According to Income Tax Law, the employer who holds a Tax Deduction and Collection Account Number (TAN) and deduct tax on salary of employee should issue Form 16. If your tax is not being deducted then your employer can refuse to issue Form 16 to you. In case you have lost your Form 16 then you can retrieve it from your e-mail or ask the employer to provide a copy of the same.
When is Form 16 issued?
For a particular financial year Form 16 must be issued latest by May 31. For example, for the F.Y. 2017-18, the due date for issue of Form 16 shall be May 31, 2018. If any employer delays or fails to issue Form 16 by the specified date, then the employer is liable to pay a penalty of Rs.100 per day till the form is issued.
Form 16 is divided into two parts, Part A and Part B.

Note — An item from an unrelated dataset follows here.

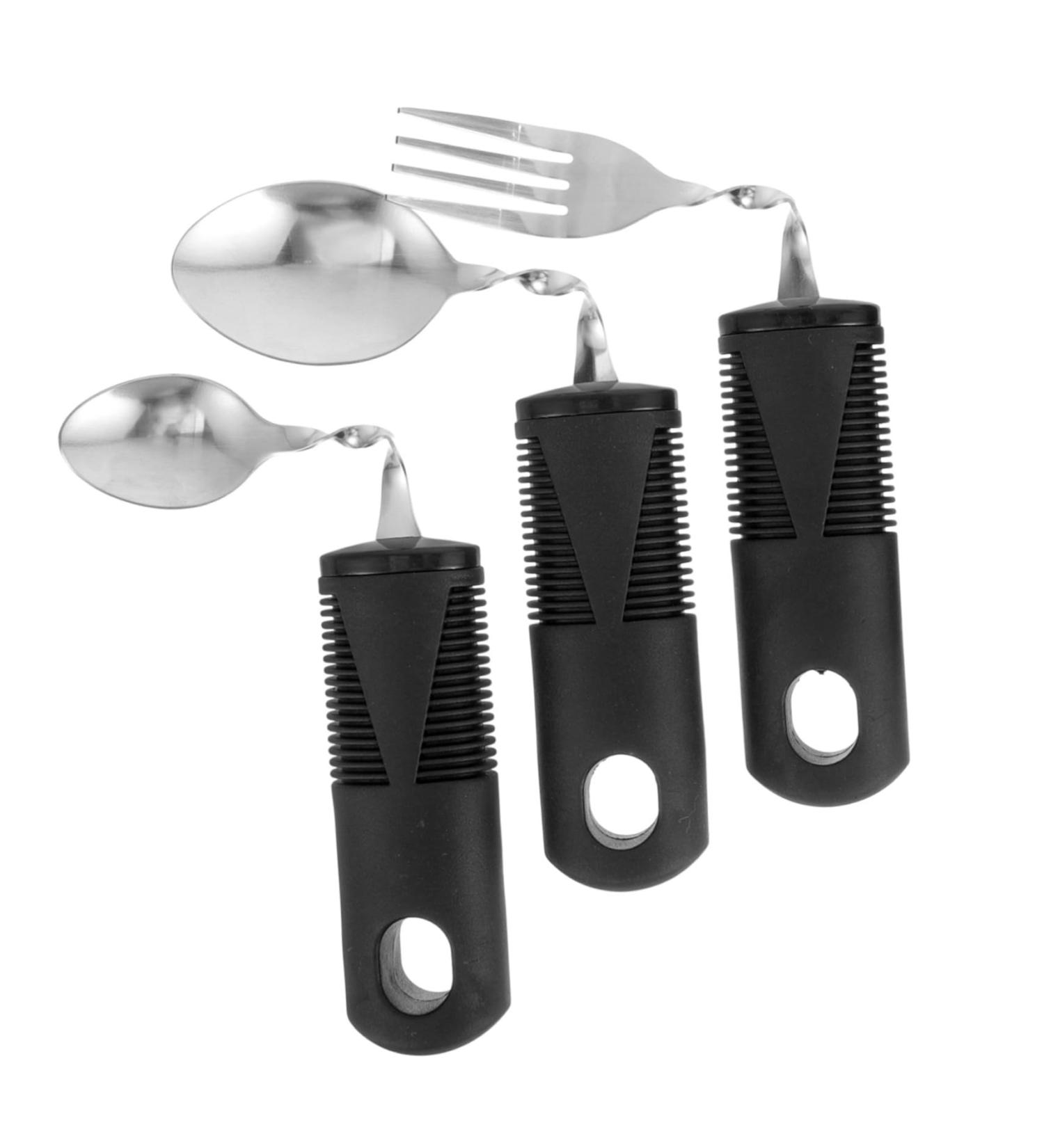 Solustre 3-Part Flexible Stainless Steel Cutlery Set | Portable Utensils for Disabled | Ergonomic Bendable Teaspoon & Dining Aids - Buy Online on GoSupps.com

Part A of the form 16 contains quarter-wise details of your tax deposited with the government by your employer. It also contains basic information like PAN of both employer and employee. The current assessment year for which tax is being deducted and TAN number of the employer. Part A contains the following details:
- TDS by the employer
- PAN of the employer
- Current assessment year.
- PAN of employee
- TAN of the employer
- Employee's name and address
- Name and address of the employer
Part B of the form 16 contains the total amount of salary paid to the employee during the current assessment year by the employer. The salary is broken down in accordance to the deductions available under Section 80C such as EPF, life insurance premium, PPF, NSC etc. and tax is calculated according to the latest tax slab issued by the Income Tax Department. Part B contains the following details:
- Total Gross Salary
- Exemption on allowances
- Deduction made on Entertainment Allowance and Tax on Employment
- Income chargeable under the head salary
- Any other Income reported by employee
- Gross Total Income
- Deductions under Chapter VI-A(80C, 80D, 80E etc)
- Total Income
- Tax on Total Income
- Education Cess
- Tax Payable
- Verification of the above mentioned details by the employer
Why is Form 16 important?
Form 16 is a crucial document from tax perspective as it:
- Is a proof that government has received the deductions in tax made by the employer
- It helps in filing income tax return with the Income Tax Department.
- Lenders demand Form 16 before giving loans.
Before July 31, taxpayers need to submit the tax returns to the Income Tax Department so that excess tax deducted during the year can be reimbursed. Form 16 is important for e-filling income tax returns. Form 16 contains all the required fields along with the tax deduction breakup made during the year by the employer in Part A of the form. Part B contains the income and allowances details of the taxpayer along with the exemptions claimed. For resident individuals having income from salaries, one house property, other income up to Rs 50 lakhs, ITR-1 form would be applicable. Also as per recent changes in the ITR forms, now taxpayer would have to furnish break-up of their salary which would be easily available in Form 16.
Important Information: According to the new changes effective from 1 April 2017, if taxpayers do not file their return within the due date which is July 31 in the current year, there would be a levy of up to Rs 10,000 under Section 234F.